Activity: Note the frequency of two-wheelers, three-wheelers and four-wheelers going past during a time interval, in front of your school gate. Find the probability that any one vehicle out of the total vehicles you have observed is a two-wheeler?
Solution:
It is an activity. Students can do it themselves.
Ex 15.1 Question 10.
Activity : Ask all the students in your class to write a 3-digit number. Choose any student from the room at random. What is the probability that the number written by her/him is divisible by 3? Remember that a number is divisible by 3, if the sum of its digit is divisible by 3.
Solution:
A class room activity for students.
Ex 15.1 Question 11.
Eleven bags of wheat flour, each marked 5 kg, actually contained the following weights of flour (in kg)

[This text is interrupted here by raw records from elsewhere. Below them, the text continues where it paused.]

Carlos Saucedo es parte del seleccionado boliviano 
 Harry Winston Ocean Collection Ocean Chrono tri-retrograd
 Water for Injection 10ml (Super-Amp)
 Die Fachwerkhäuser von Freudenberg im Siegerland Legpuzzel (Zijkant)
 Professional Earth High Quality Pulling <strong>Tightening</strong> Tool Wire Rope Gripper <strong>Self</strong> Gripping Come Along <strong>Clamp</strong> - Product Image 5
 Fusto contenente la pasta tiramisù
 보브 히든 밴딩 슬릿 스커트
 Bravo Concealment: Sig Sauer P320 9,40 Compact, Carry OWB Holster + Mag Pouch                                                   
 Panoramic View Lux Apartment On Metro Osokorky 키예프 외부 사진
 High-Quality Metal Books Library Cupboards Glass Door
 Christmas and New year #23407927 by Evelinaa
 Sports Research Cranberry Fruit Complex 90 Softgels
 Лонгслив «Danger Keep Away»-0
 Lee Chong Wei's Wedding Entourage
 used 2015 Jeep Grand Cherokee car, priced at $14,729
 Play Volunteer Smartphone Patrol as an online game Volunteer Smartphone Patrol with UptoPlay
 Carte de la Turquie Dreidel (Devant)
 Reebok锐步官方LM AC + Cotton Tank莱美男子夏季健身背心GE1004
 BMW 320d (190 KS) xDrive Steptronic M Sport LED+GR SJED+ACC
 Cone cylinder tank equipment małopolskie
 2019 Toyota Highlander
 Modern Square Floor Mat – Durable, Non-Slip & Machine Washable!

4.97, 5.05, 5.08, 5.03, 5.00, 5.06, 5.08, 4.98, 5.04, 5.07, 5.00
Find the probability that any of these bags,chosen at random contains more than 5 kg of flour.
Solution:
Here, total number of bags = 11
∵ Number of bags having more than 5 kg of flour = 7
∴ Probability of a bag having more than 5 kg of flour = 7 / 11
Ex 15.1 Question 12.
A study was conducted to find out the concentration of sulphur dioxide in the air in parts per million (ppm) of a certain city. The data obtained for 30 days is as follows
0.03 0.08 0.08 0.09 0.04 0.17 0.16 0.05 0.02 0.06 0.18 0.20 0.11 0.08 0.12 0.13 0.22 0.07 0.08 0.01 0.10 0.06 0.09 0.18 0.11 0.07 0.05 0.07 0.01 0.04
You were asked to prepare a frequency distribution table, regarding the concentration of sulphur dioxide in the air in parts per million of a certain city for 30 days. Using this table, find the probability of the concentration of sulphur dioxide in the interval 0.12-0.16 on any of these days.
Solution:
Here, total number of days = 30
∵ The number of days on which the sulphur dioxide concentration is in the interval 0.12 – 0.16 = 2
∴ Probability of a day on which sulphur dioxide is in the interval 0.12 – 0.16 = 2 / 30 = 1 / 15.
Ex 15.1 Question 13.
The blood groups of 30 students of class VIII are recorded as follows
A, B, 0, 0, AB, 0, A, 0, B, A, 0, B, A, 0, 0, A, AB, 0, A, A, 0, 0, AB, B, A, B, 0
You were asked to prepare a frequency distribution table regarding the blood groups of 30 students of a class. Use this table to determine the probability that a student of this class, selected at random, has blood group AB.
Solution:
Here, total number of students = 30
∵ Number of students having blood group AB = 3
∴ Probability of a student whose blood group is AB = 3 / 30 = 1 / 10.